(Short web captions)
====

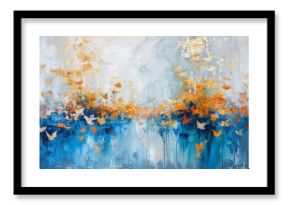 An abstract oil painting, a mural, a modern artwork, painted with spots and strokes, golden elements, orange, gold, blue. An oil painting with a large stroke.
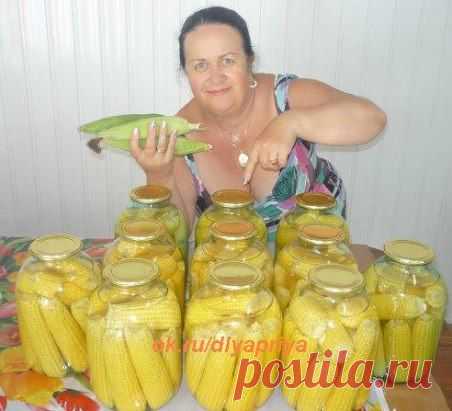 КУКУРУЗА МАРИНОВАННАЯ:  
молодые, очищенные початки уложить в 3-х литр. банку. Туда же всыпать - 1стол. ложку соли, 150г. сахара, 2стол. ложки 9% уксуса, 1таблетку аспирина. Залить всё кипятком и стерелизовать 1 час. Закатать. Укутать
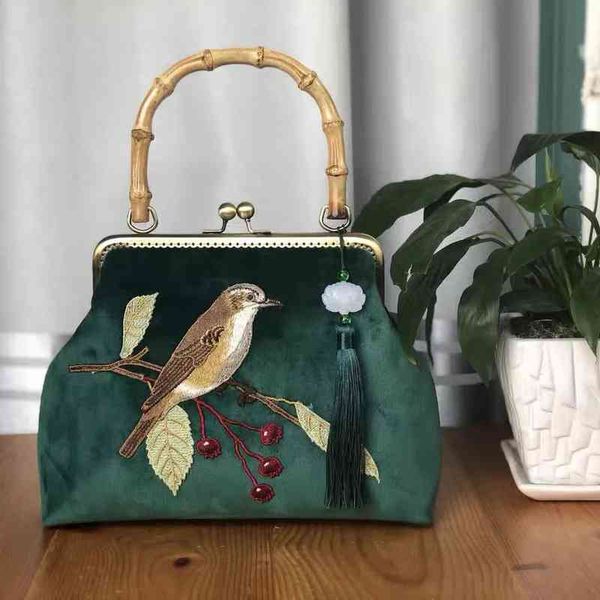 

new vintage fashion embroidery bird fringe bag tote women's handbags purses chain women shoulder crossbody bag bags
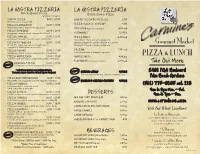 PIZZA & LUNCH Take out Menu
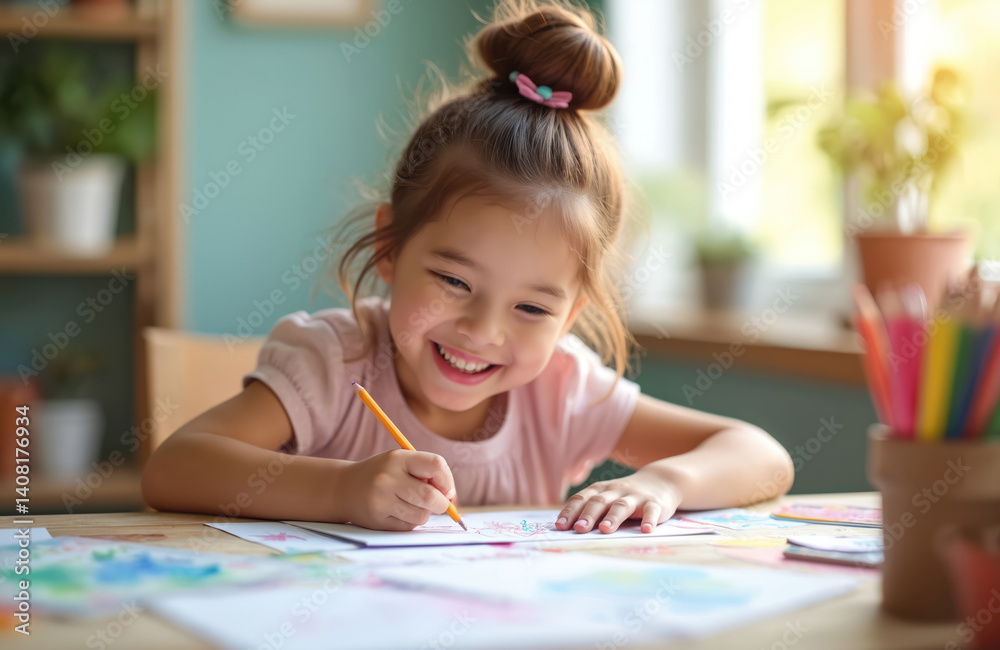 Joyful young girl creating art. Smiling child draws with pencil on paper. Sunny table filled drawings, paint, pencils. Happy kid, creative process, home activity, art therapy, colorful imagination, Joyful young girl creating art. Smiling child draws with pencil on paper. Sunny table filled drawings, paint, pencils. Happy kid, creative process, home activity, art therapy, colorful imagination,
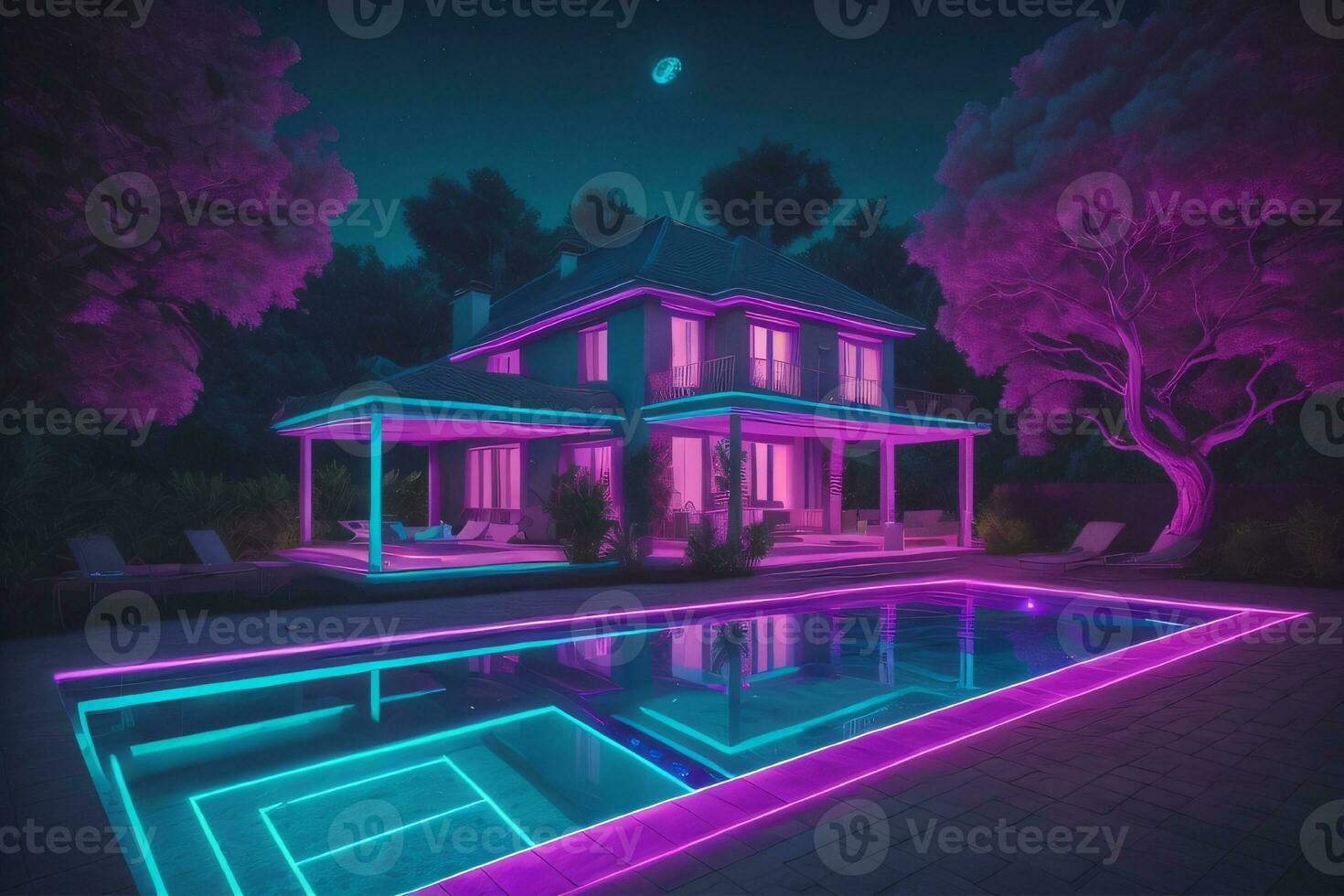 House with swiming pool illustration, generative AI photo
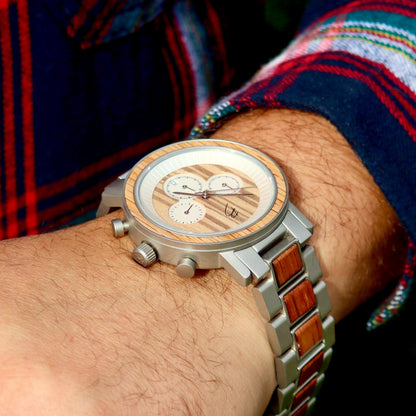 Montre Harrison en bois de baril de whisky recyclé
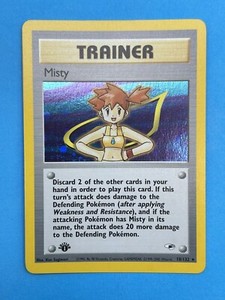 MISTY Pokemon Card - 1st Edition - Gym Heroes - 18/132 - HOLO - NM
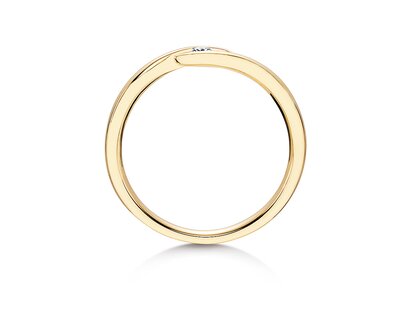 Anillo de compromiso Twist en 14K oro amarillo con diamante 0,05ct H/SI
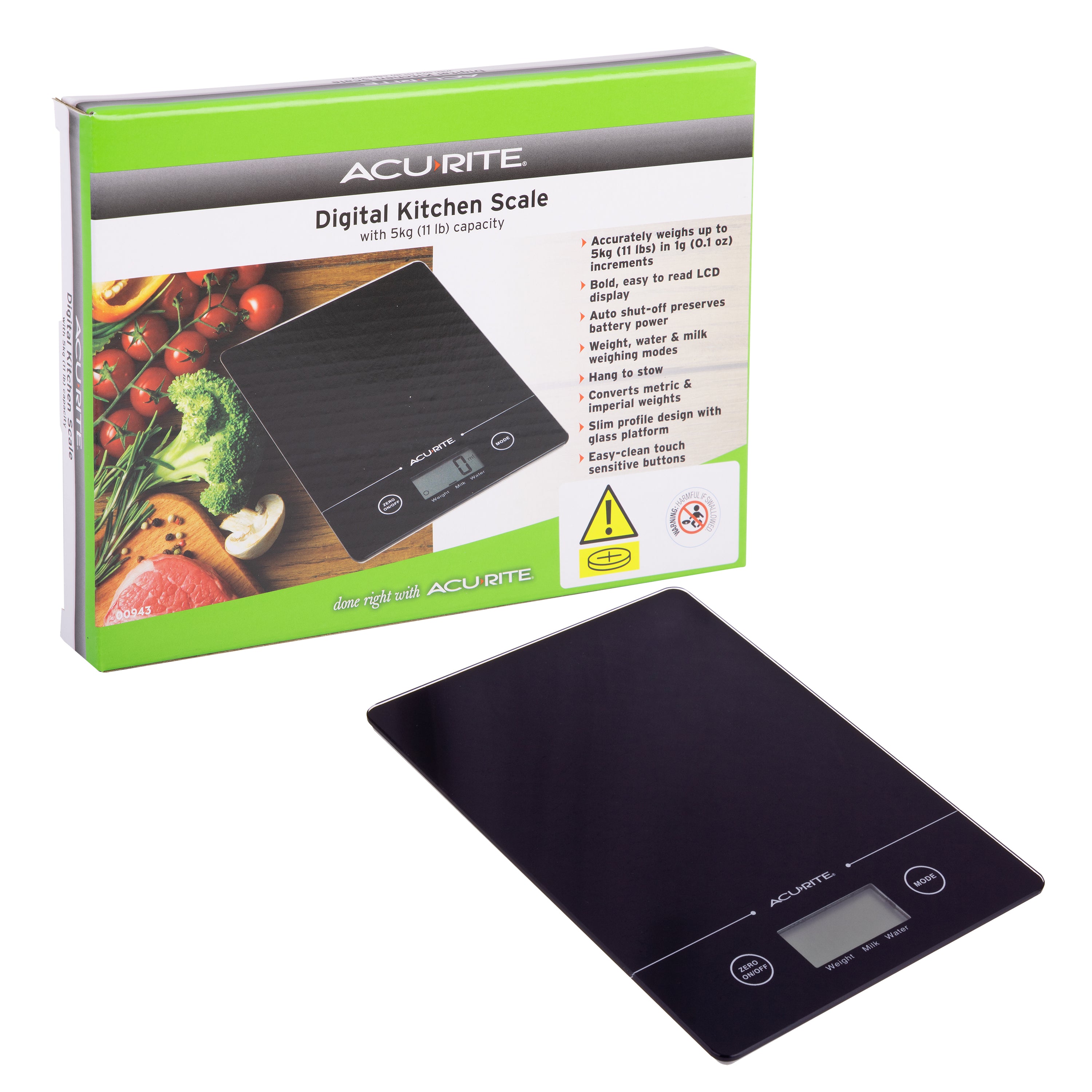Slimline Digital 5Kg Kitchen Scale Black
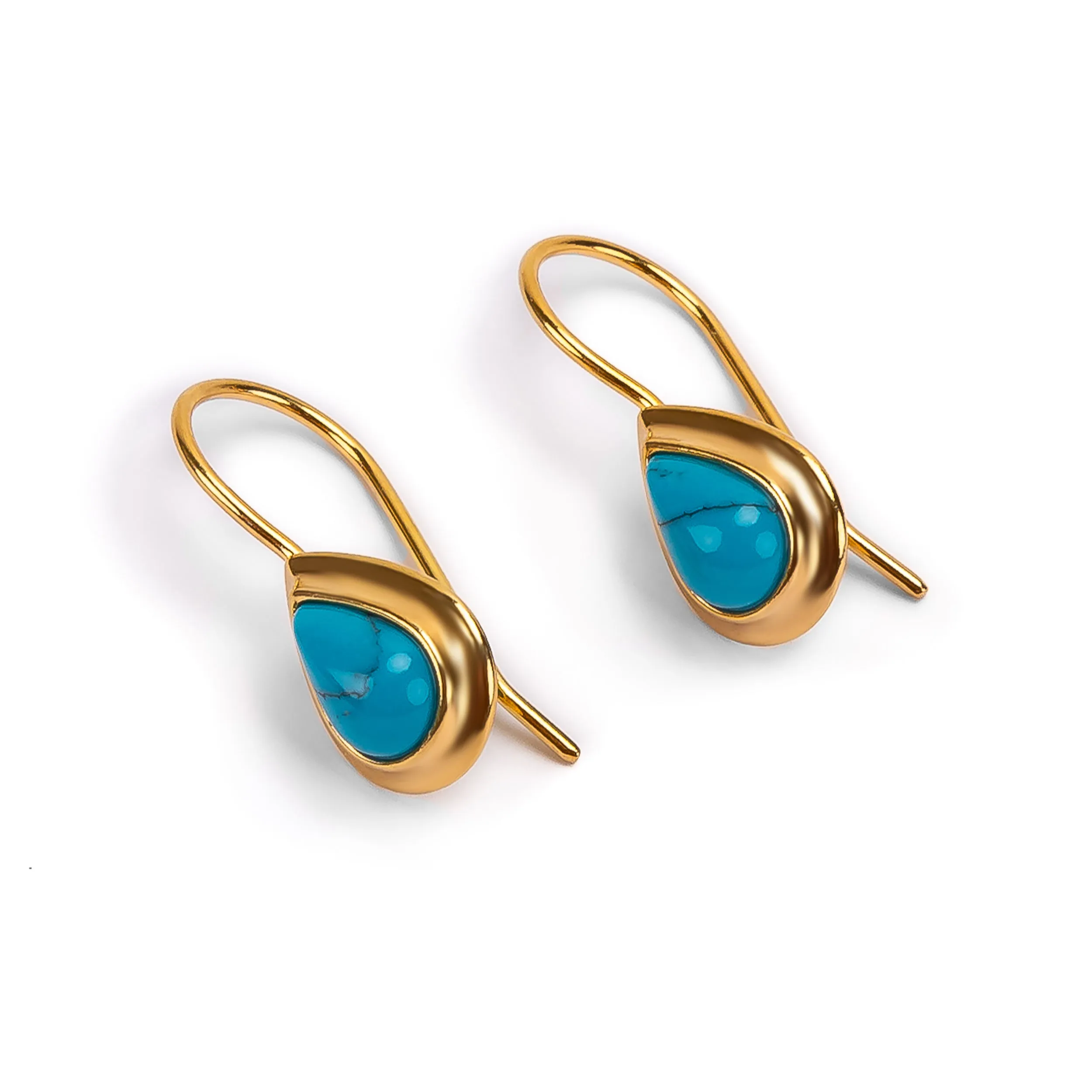 Classic Teardrop Hook Earrings in Silver with 24ct Gold & Turquoise sold by Henryka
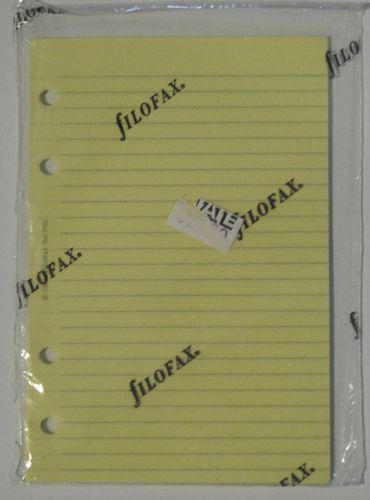 Filofax Yellow Ruled  Planner Refill Pages 4 Ring 3 1/4 x 4 3/4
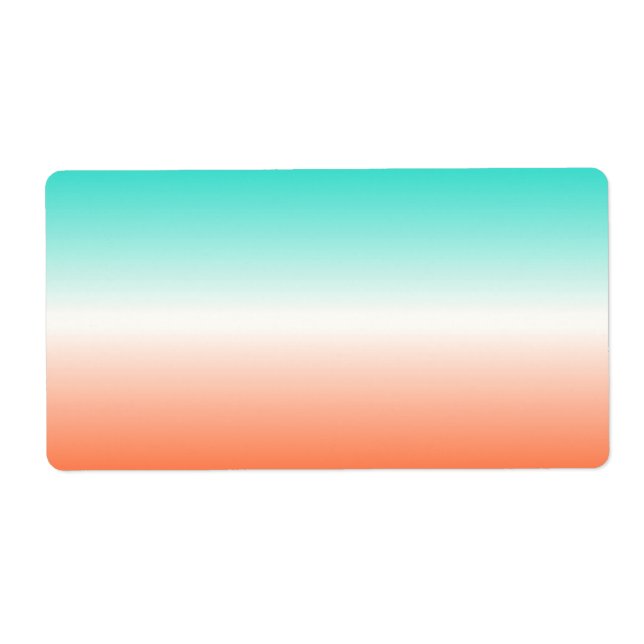 Étiquette Coral blanc Turquoise Ombre (Devant)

====

■ PROBLEM ■
Only the text of the records is to be reproduced exactly; skip the pictures.

■ TASK SOLUTION ■
 An abstract oil painting, a mural, a modern artwork, painted with spots and strokes, golden elements, orange, gold, blue. An oil painting with a large stroke.
 КУКУРУЗА МАРИНОВАННАЯ:  
молодые, очищенные початки уложить в 3-х литр. банку. Туда же всыпать - 1стол. ложку соли, 150г. сахара, 2стол. ложки 9% уксуса, 1таблетку аспирина. Залить всё кипятком и стерелизовать 1 час. Закатать. Укутать

new vintage fashion embroidery bird fringe bag tote women's handbags purses chain women shoulder crossbody bag bags
 PIZZA & LUNCH Take out Menu
 Joyful young girl creating art. Smiling child draws with pencil on paper. Sunny table filled drawings, paint, pencils. Happy kid, creative process, home activity, art therapy, colorful imagination, Joyful young girl creating art. Smiling child draws with pencil on paper. Sunny table filled drawings, paint, pencils. Happy kid, creative process, home activity, art therapy, colorful imagination,
 House with swiming pool illustration, generative AI photo
 Montre Harrison en bois de baril de whisky recyclé
 MISTY Pokemon Card - 1st Edition - Gym Heroes - 18/132 - HOLO - NM
 Anillo de compromiso Twist en 14K oro amarillo con diamante 0,05ct H/SI
Slimline Digital 5Kg Kitchen Scale Black
 Classic Teardrop Hook Earrings in Silver with 24ct Gold & Turquoise sold by Henryka
 Filofax Yellow Ruled  Planner Refill Pages 4 Ring 3 1/4 x 4 3/4
 Étiquette Coral blanc Turquoise Ombre (Devant)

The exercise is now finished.